> _Data to examine_
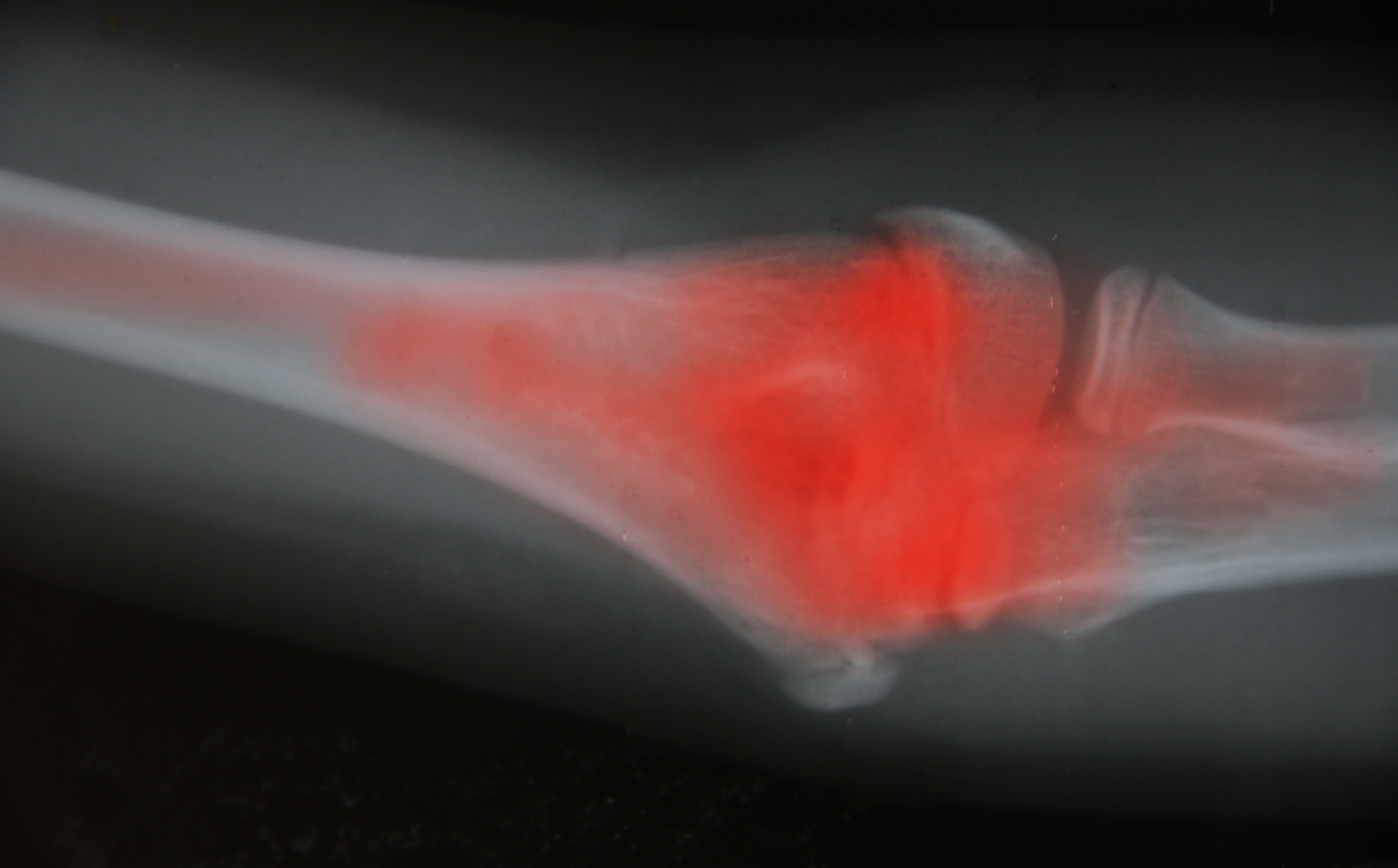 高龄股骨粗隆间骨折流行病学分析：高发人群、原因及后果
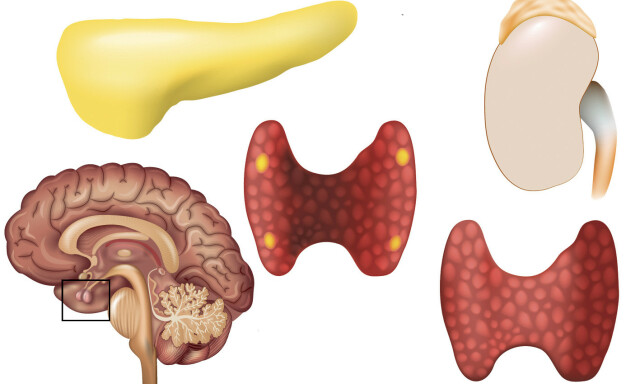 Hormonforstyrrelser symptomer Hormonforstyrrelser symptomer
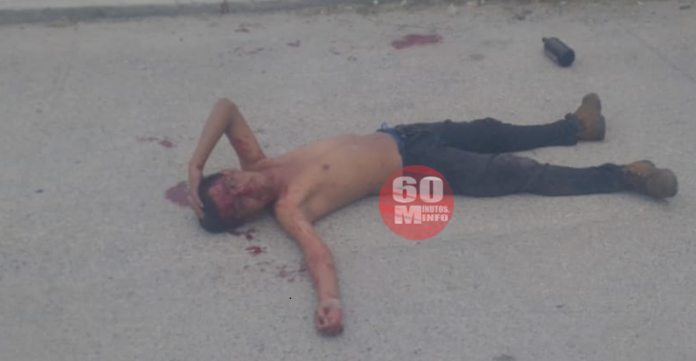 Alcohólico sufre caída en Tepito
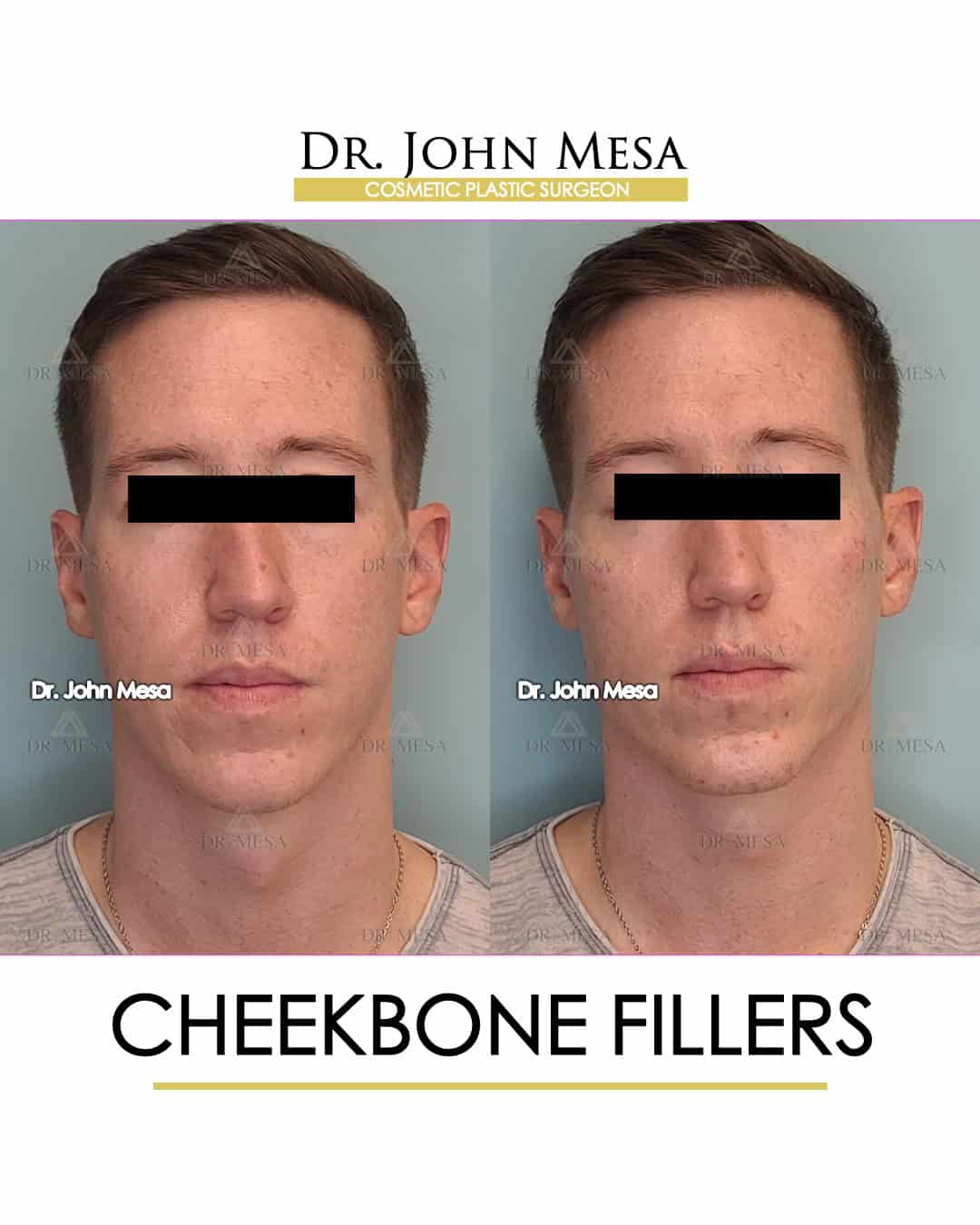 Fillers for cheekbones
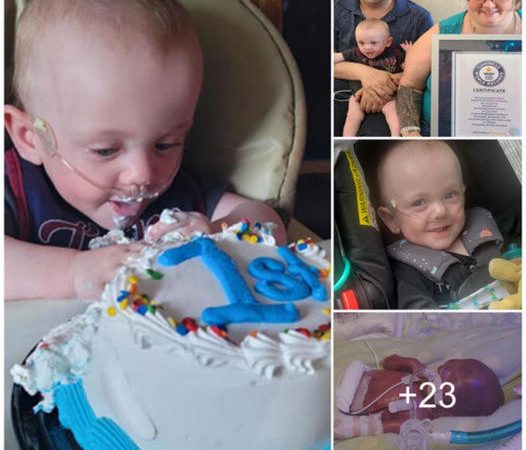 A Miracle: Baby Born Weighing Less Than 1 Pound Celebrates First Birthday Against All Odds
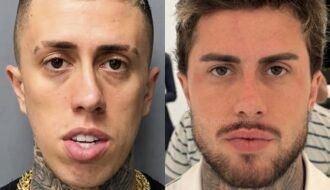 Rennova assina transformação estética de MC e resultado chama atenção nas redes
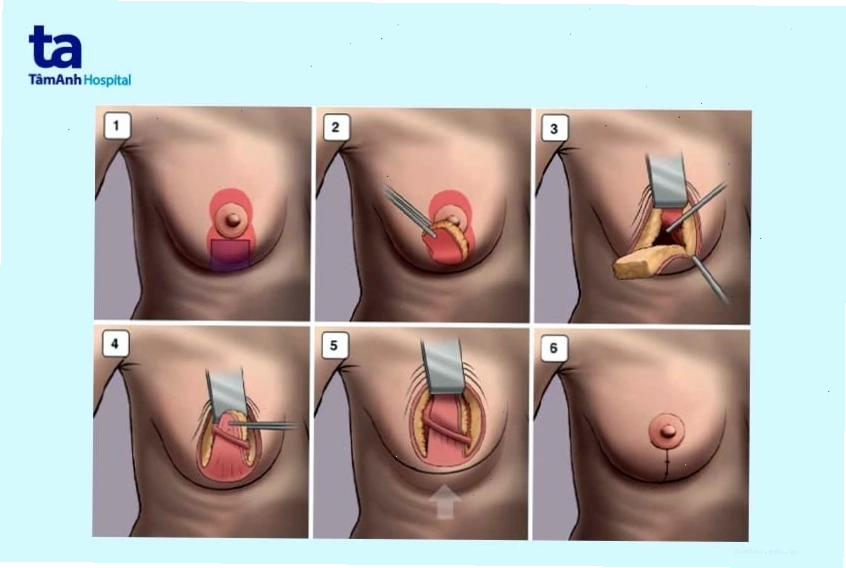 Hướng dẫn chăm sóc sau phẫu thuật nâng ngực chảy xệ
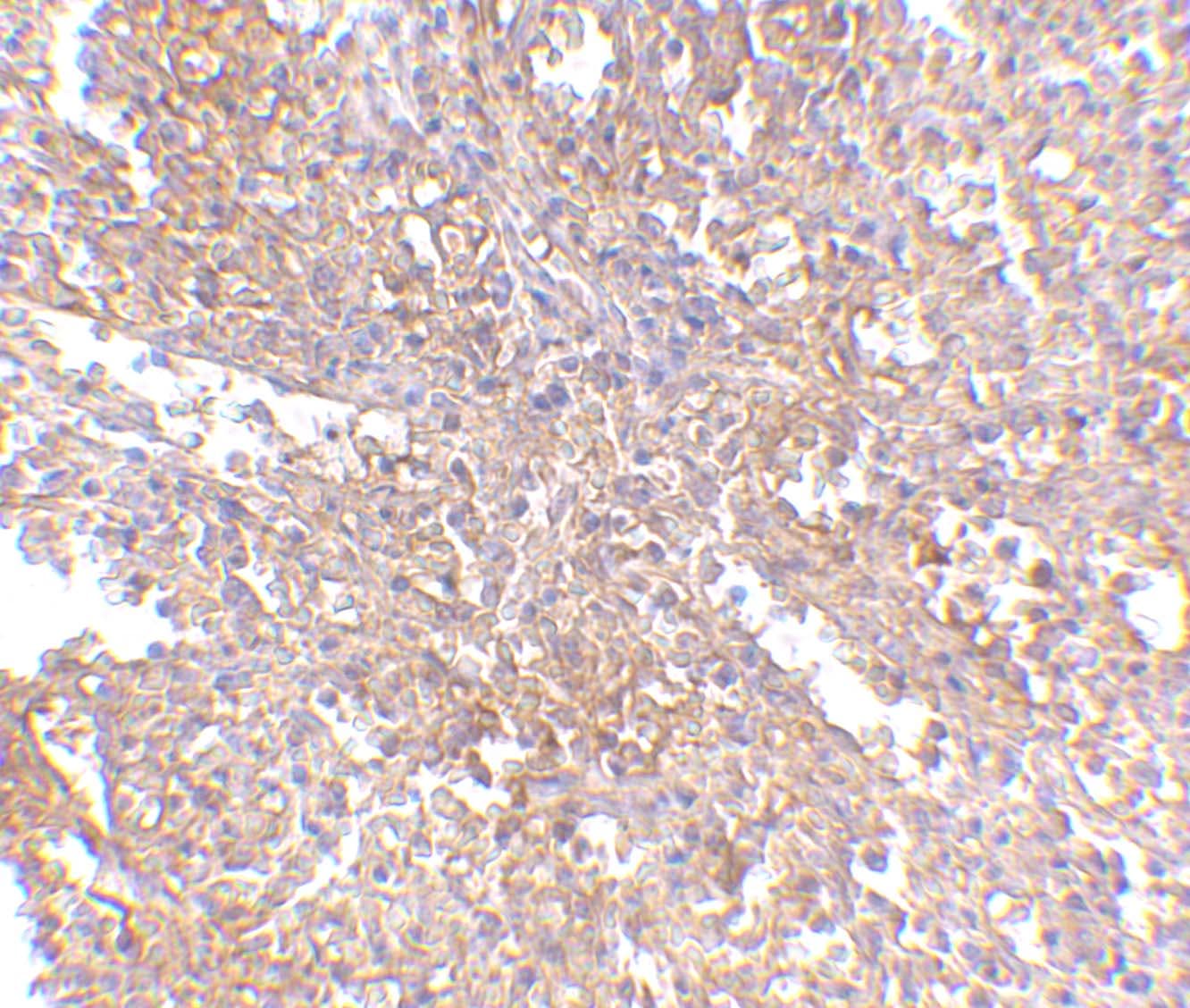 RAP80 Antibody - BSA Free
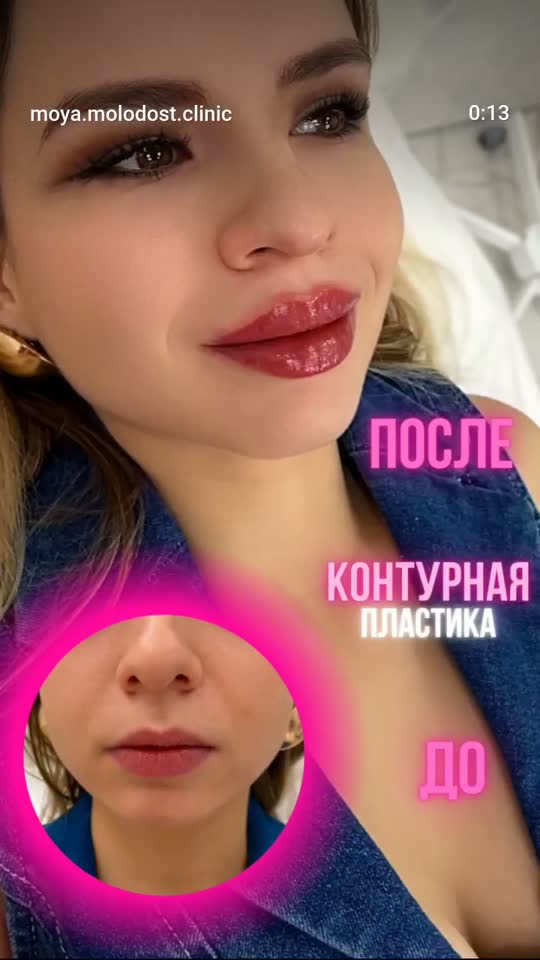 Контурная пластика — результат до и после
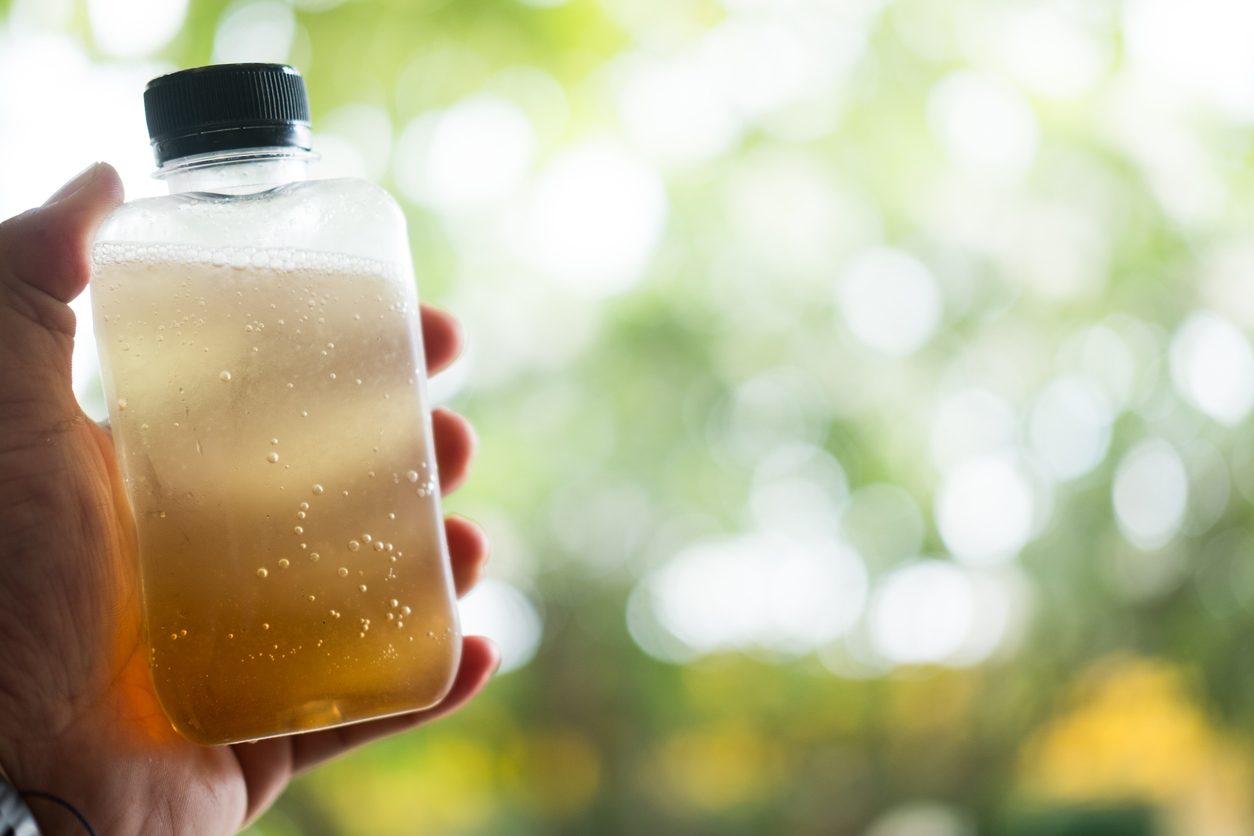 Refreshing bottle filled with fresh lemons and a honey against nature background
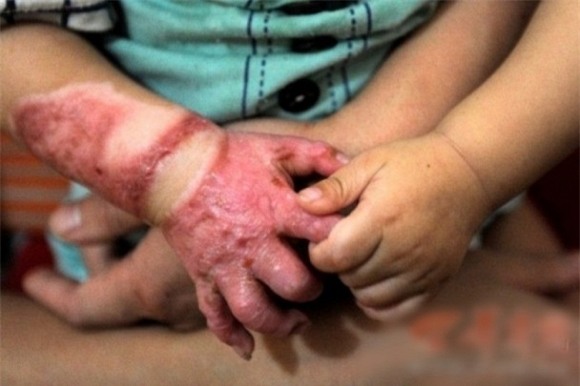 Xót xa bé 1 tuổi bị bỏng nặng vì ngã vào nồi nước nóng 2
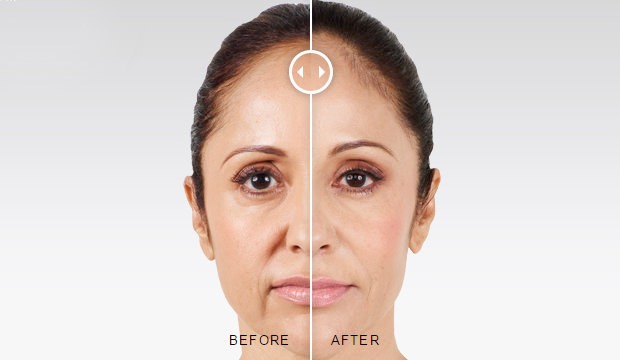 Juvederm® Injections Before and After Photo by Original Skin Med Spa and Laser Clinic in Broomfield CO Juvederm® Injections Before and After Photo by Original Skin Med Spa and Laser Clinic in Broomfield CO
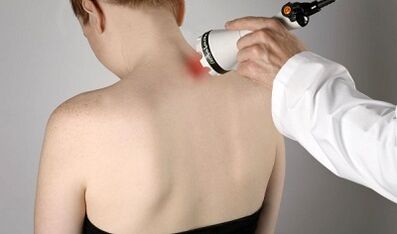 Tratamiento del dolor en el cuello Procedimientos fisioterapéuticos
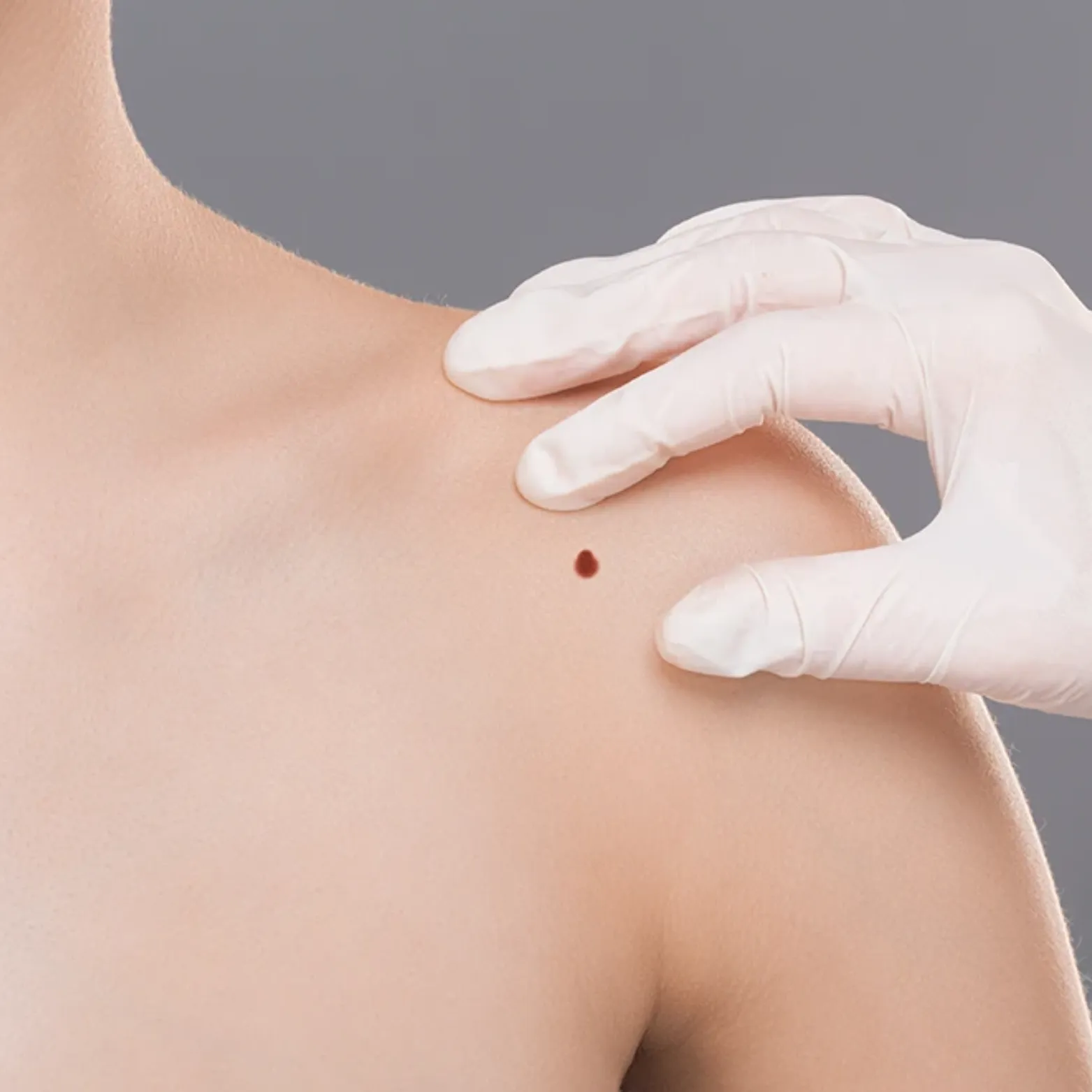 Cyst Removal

> _Required action_
The output consists of exactly the lines from the one containing "Refreshing bottle filled" through the last line of the listing, both included, with no pictures.

> _Result of this exercise_
 Refreshing bottle filled with fresh lemons and a honey against nature background
 Xót xa bé 1 tuổi bị bỏng nặng vì ngã vào nồi nước nóng 2
 Juvederm® Injections Before and After Photo by Original Skin Med Spa and Laser Clinic in Broomfield CO Juvederm® Injections Before and After Photo by Original Skin Med Spa and Laser Clinic in Broomfield CO
 Tratamiento del dolor en el cuello Procedimientos fisioterapéuticos
 Cyst Removal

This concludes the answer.